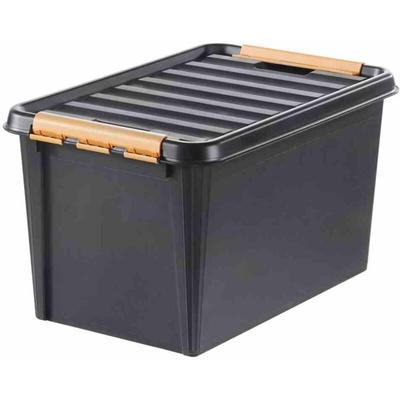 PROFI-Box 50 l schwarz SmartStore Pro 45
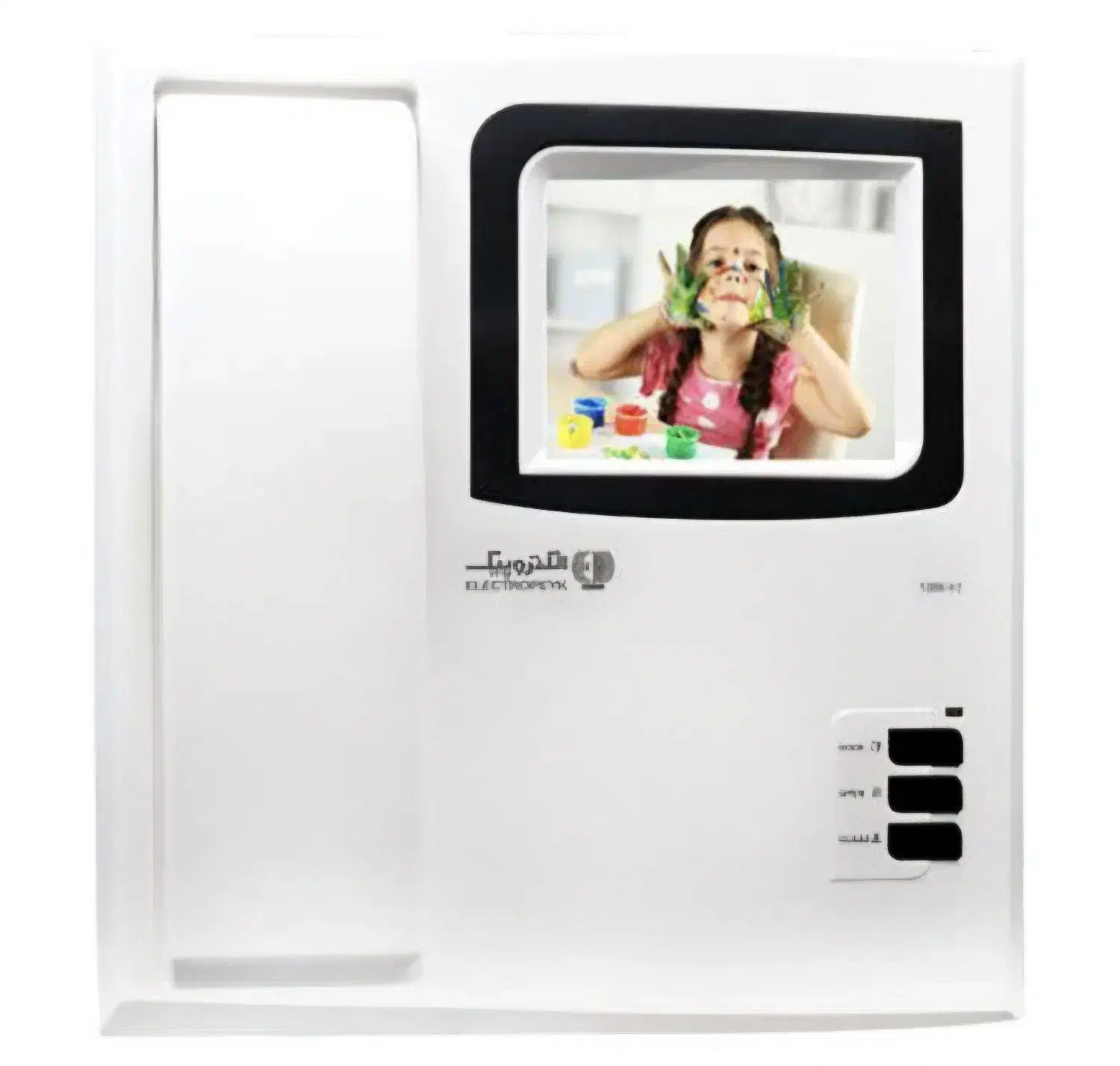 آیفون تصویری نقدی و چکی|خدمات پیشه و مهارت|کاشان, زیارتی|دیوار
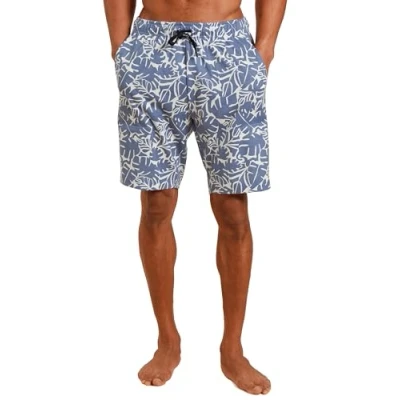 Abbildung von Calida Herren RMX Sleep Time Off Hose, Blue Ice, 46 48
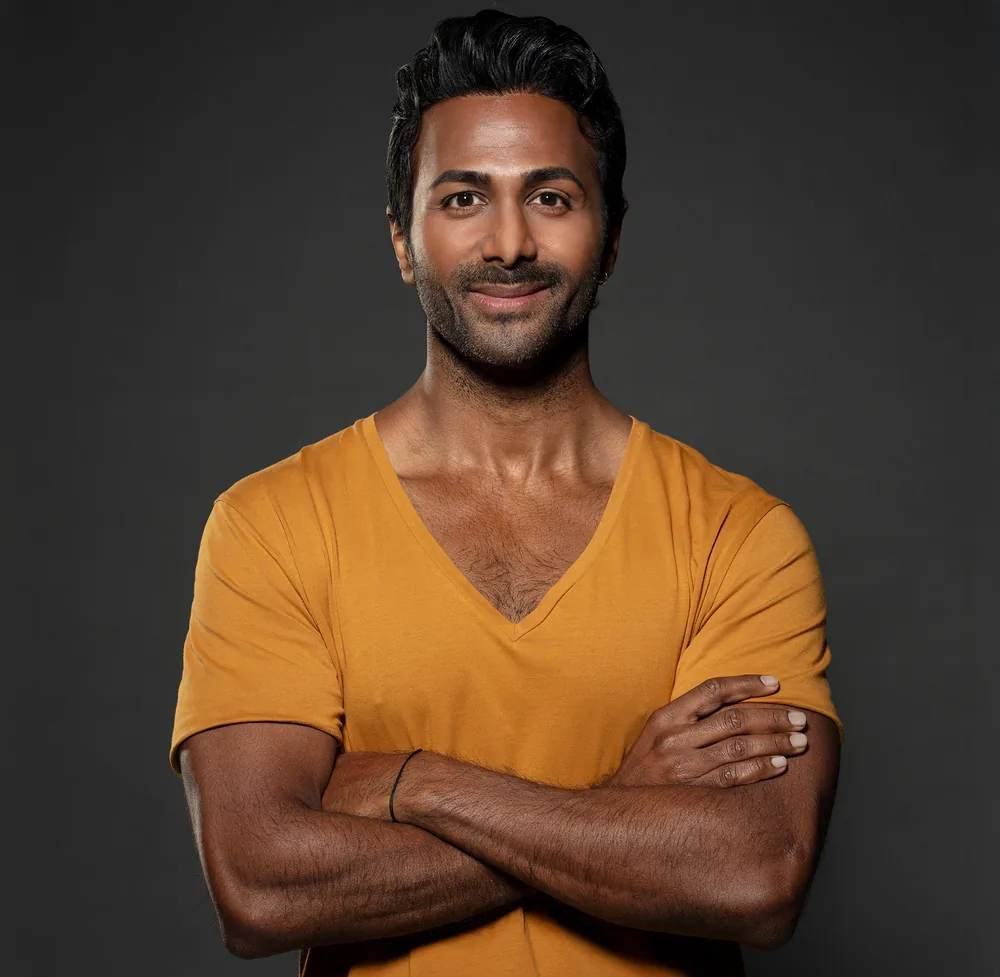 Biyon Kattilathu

==

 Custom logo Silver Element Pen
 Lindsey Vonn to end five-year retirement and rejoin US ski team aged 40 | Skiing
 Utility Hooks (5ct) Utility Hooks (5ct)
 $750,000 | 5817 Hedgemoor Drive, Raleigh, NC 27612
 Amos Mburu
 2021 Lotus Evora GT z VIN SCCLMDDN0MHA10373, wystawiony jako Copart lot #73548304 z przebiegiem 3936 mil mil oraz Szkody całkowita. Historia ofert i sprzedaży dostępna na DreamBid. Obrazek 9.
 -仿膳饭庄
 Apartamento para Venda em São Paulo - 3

▶ WHAT NEEDS TO BE DONE
All lines above from the one with "Utility Hooks (5ct) Utility Hooks (5ct)" to the one with "Apartamento para Venda em São Paulo - 3", inclusive, should be copied exactly, and no other lines.

▶ WRITTEN SOLUTION
 Utility Hooks (5ct) Utility Hooks (5ct)
 $750,000 | 5817 Hedgemoor Drive, Raleigh, NC 27612
 Amos Mburu
 2021 Lotus Evora GT z VIN SCCLMDDN0MHA10373, wystawiony jako Copart lot #73548304 z przebiegiem 3936 mil mil oraz Szkody całkowita. Historia ofert i sprzedaży dostępna na DreamBid. Obrazek 9.
 -仿膳饭庄
 Apartamento para Venda em São Paulo - 3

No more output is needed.